How Bad Could Trump's Paris Agreement Withdrawal Be? A Scientist's Perspective

Olive Rios
June 3, 2017

Also asked about the President's views on climate change, White House press secretary Sean Spicer responded: "I have not had an opportunity to have that discussion".

It will take several years before the world "will have a proper understanding of what the implications are" of the USA withdrawal, Terblanche said. We will never waver, because we know that future generations depend on us.

His state is joining ranks with Washington and NY in what is being called the United States Climate Alliance (USCA).

He said the USA would "cease all implementation" of the accord, under which his predecessor Barack Obama had voluntarily agreed to reduce emissions by about 1.45 billion tonnes by 2025.

"They weren't doing enough and America was carrying the load, so I think by negotiating a better deal, hopefully we can get a better result for our country and the world". "If we can't, that's fine".

SEE MORE: How Did The G7 Meetings Go?
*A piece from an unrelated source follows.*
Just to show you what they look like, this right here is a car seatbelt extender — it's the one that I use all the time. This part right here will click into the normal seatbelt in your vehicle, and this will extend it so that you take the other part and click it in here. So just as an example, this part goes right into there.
Calculations suggest withdrawal could result in emissions of up to 2.7 billion tonnes of additional carbon dioxide in the air a year - enough to melt ice sheets faster, raise seas higher and trigger more extreme weather.

On Thursday, he was the most vocal of European leaders in criticising Trump's decision and in vowing to defend the Paris agreement.
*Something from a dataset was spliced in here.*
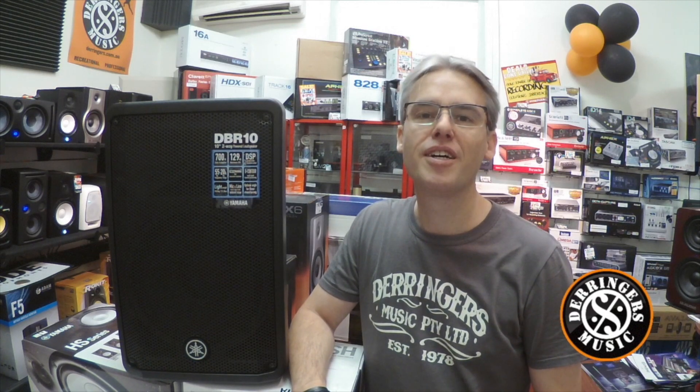Come on into Derringers and talk to the team about the range of Yamaha speakers on offer. Alternatively you can check out our links online and don't forget to check out our street prices on offer. Go to derringers.com.au for more information.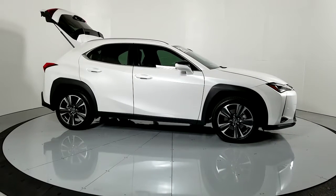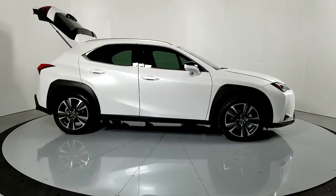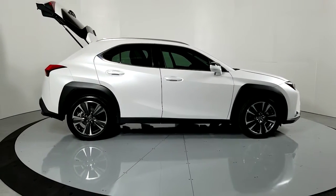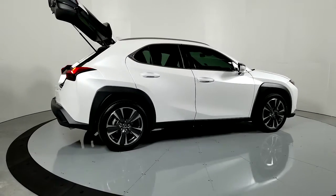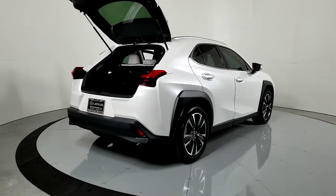Picture yourself in the 2020 Lexus UX. With less than 5,000 miles on the odometer, this vehicle stands out from the rest. Enjoy a tour of this versatile Lexus UX, the luxury compact crossover that prioritizes safety and offers a refreshingly modern sense of style.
China's pivot toward climate-change mitigation was economically pragmatic, observers say.

He echoed Trump's attack on members of the agreement as having economic rather than environmental motives.

Nonetheless, Liberal Environment and Climate Change Minister Catherine McKenna also found Trump's resolve to extricate the US from the accord "deeply disappointing" and even suggested that the president will be missing out from the "inevitable" increase in green energy jobs that climate change proponents believe will soon be mushrooming around the world.

In an exceptional step, continental Europe's three biggest economies -Germany, France and Italy - issued a joint statement criticising the move.

A survey of some of the nine serious candidates who hope to succeed the Atlanta mayor also said Trump's decision could have grave consequences, but said they would continue to fight to improve the city's and the world's climate if elected. Trump peddled dozens of wildly disproved falsehoods in justifying exiting the agreement, which prompted swift backlash from the global community; diplomats; Trump's own Secretary of State, Rex Tillerson; and major usa companies such as Apple, Microsoft and Intel.

Trump's perspective on the climate crisis, while he withdraws the United States from a landmark worldwide agreement on climate change, is apparently seen as a distraction. Additionally, 83 mayors have signed the Climate Mayors Agreement, similarly with the goal of independently reducing carbon emissions. Support also poured in from the USA corporate world.

PRESIDENT VLADIMIR PUTIN, Russia (through interpreter): Rather than make noise over it, we need to create conditions for mutual work, because if countries that are big emitters, like the United States, will not take part at all, it will be impossible to negotiate and sign any kind of agreement.